Tolerance as a Putative Mechanism for Hessian Fly Control in Winter Wheat

Monday, June 1, 2015
Big Basin (Manhattan Conference Center)
Kirsten Roe , Entomology, Purdue University, West Lafayette, IN
Brandon Schemerhorn , USDA-ARS and Department of Entomology, Purdue University, West Lafayette, IN
Host plant resistance genes are a key method in reducing Hessian fly populations and infestations, but this resistance can lead to the risk of resistance in Hessian fly populations.

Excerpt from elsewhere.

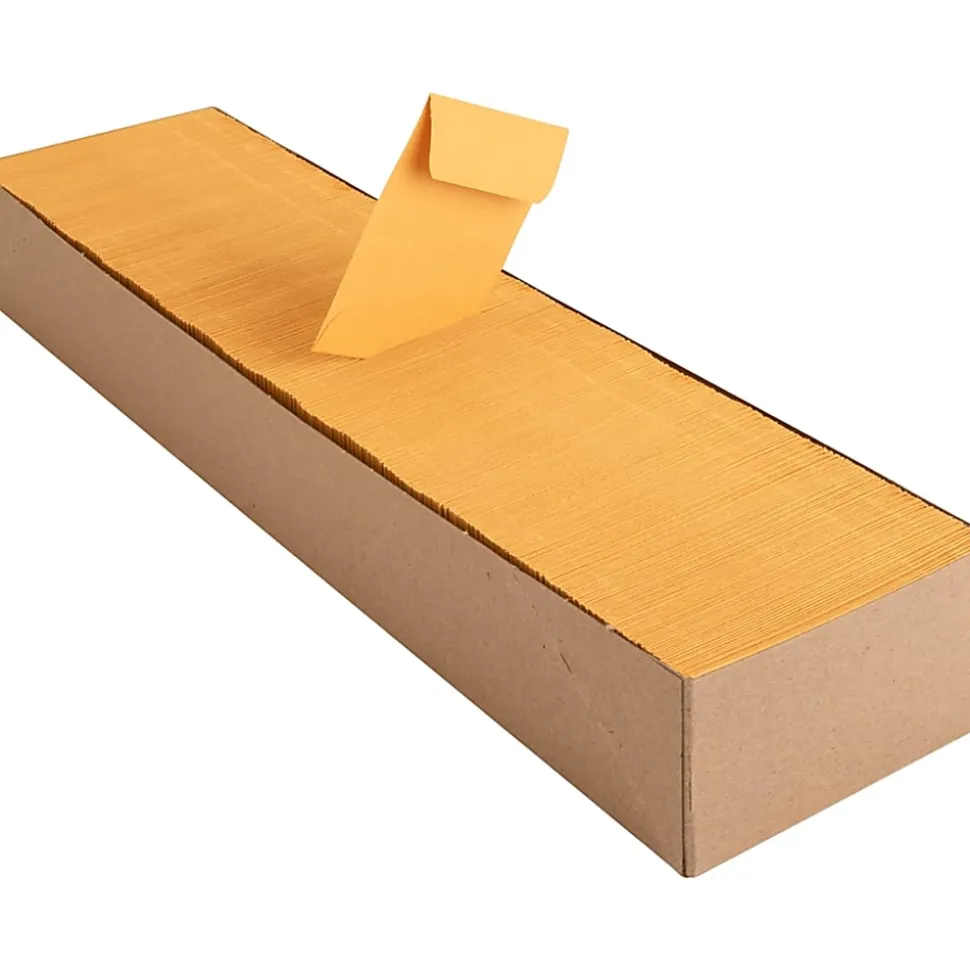 Business Source Small Coin Kraft Envelopes - Coin - #1 - 2 1/4" Width x 3 1/2" Length - 20 lb - Gummed - Brown Kraft - Kraft - 500 / Box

Tolerance in wheat may hold the key to reducing damage caused by Hessian flies while preventing the flies from gaining resistance. Tolerance may allow the plant to survive infestation and to continue growing, pushing larvae out of the leaf sheath, making them vulnerable to desiccation and parasitism. Susceptible wheat lines 25R75 and Newton plus the tolerant line 25R78 were evaluated. Several time increments were used for measurements: 8, 9, 16, and 32 days after infestation. At 16 days, significant differences were observed between the treated lines for tiller number, leaf number, total leaf length, and larvae surface area. There were no significant differences for leaf number or tiller number between the control and treated plants for line 25R78, but there were differences between control and treated plants of 25R75, suggesting that tolerance had a positive effect. Infestation had a much smaller impact on the tolerant line compared to the susceptible line. There was a 20.74% reduction in leaf length for line 25R78 compared to a 47.08% reduction in leaf length for line 25R78. The tolerant line also showed significantly more visible larvae (50% of plants) present than the susceptible line (0% of plants). An increased number of tillers for the infested tolerant line versus the infested susceptible line could result in more fertile heads and a higher grain yield.